START Working data

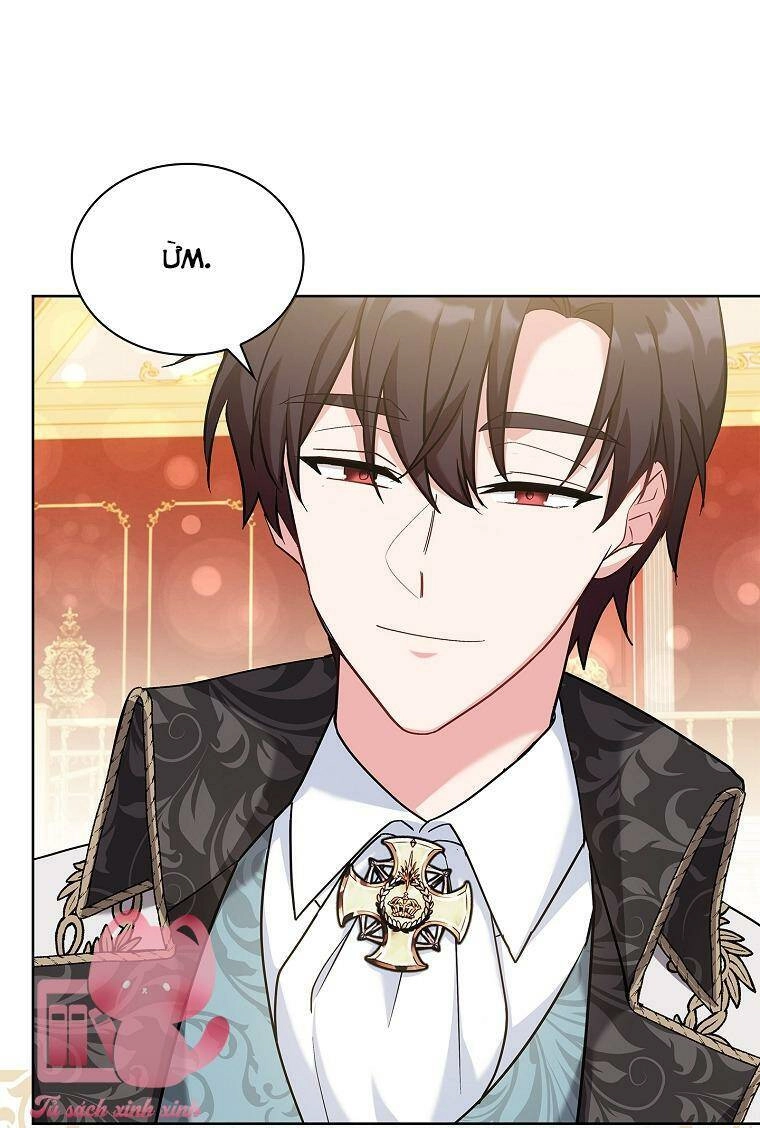 Từ Trúc Mã Hoá Thành Ông Xã Chapter 17 - 7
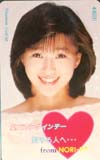酒井法子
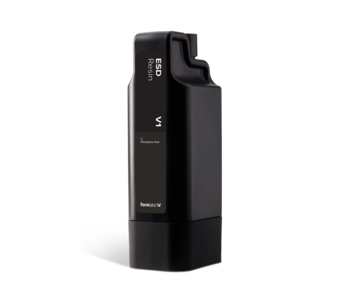 Formlabs ESD Resin (Form 4) 1 L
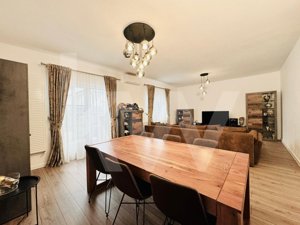 Penthouse modern cu terase spațioase si 3 locuri de parcare - Sibiu - imagine 2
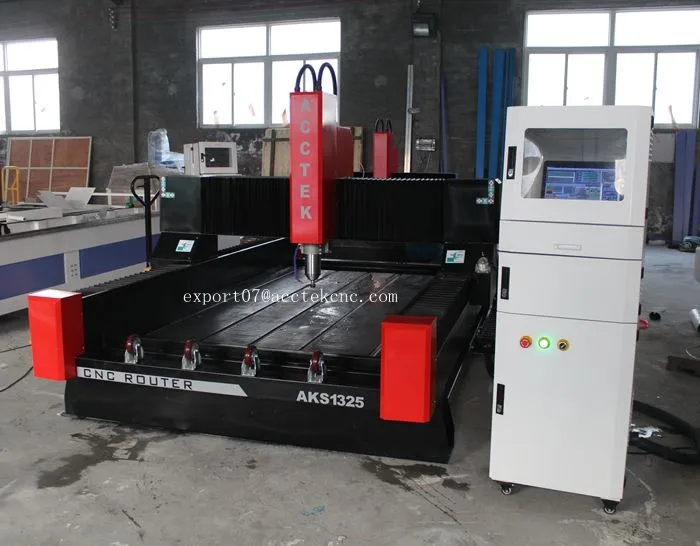 1325 CNC stone 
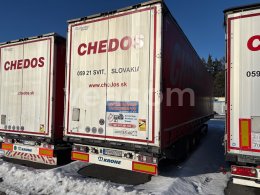 Online aukce: KRONE  SD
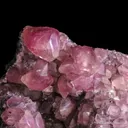 Smithsonite var. Cobaltian - image 5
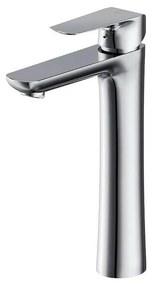 Cersanit S951-360 - Umývadlová batéria CITY 26,6 cm lesklý chróm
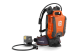 Купити Адаптер акумулятора Husqvarna, для пояса FLEXI (5827805-01). Офіційний магазин Хускварна Україна, фірмова гарантія з доставкою по Украіні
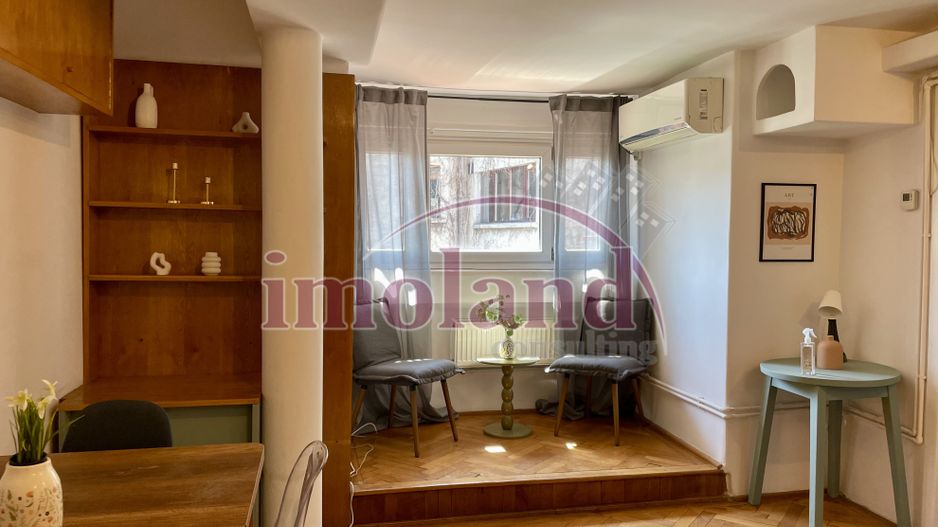 Vânzare/Inchiriere apartament 3 cam (2025) vilă interbelică – cal. Victoriei - Poză 5
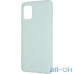 Чохол Original 99% Soft Matte Case для Samsung A515 (A51) Mint — інтернет магазин All-Ok. фото 3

END Working data

▸ **Problem description**: Could you transcribe exactly the lines from the one with "Smithsonite var. Cobaltian - image 5" through the end of the data, both ends included, and nothing else, skipping the pictures?

▸ **Solution to this task**:
 Smithsonite var. Cobaltian - image 5
 Cersanit S951-360 - Umývadlová batéria CITY 26,6 cm lesklý chróm
 Купити Адаптер акумулятора Husqvarna, для пояса FLEXI (5827805-01). Офіційний магазин Хускварна Україна, фірмова гарантія з доставкою по Украіні
 Vânzare/Inchiriere apartament 3 cam (2025) vilă interbelică – cal. Victoriei - Poză 5
 Чохол Original 99% Soft Matte Case для Samsung A515 (A51) Mint — інтернет магазин All-Ok. фото 3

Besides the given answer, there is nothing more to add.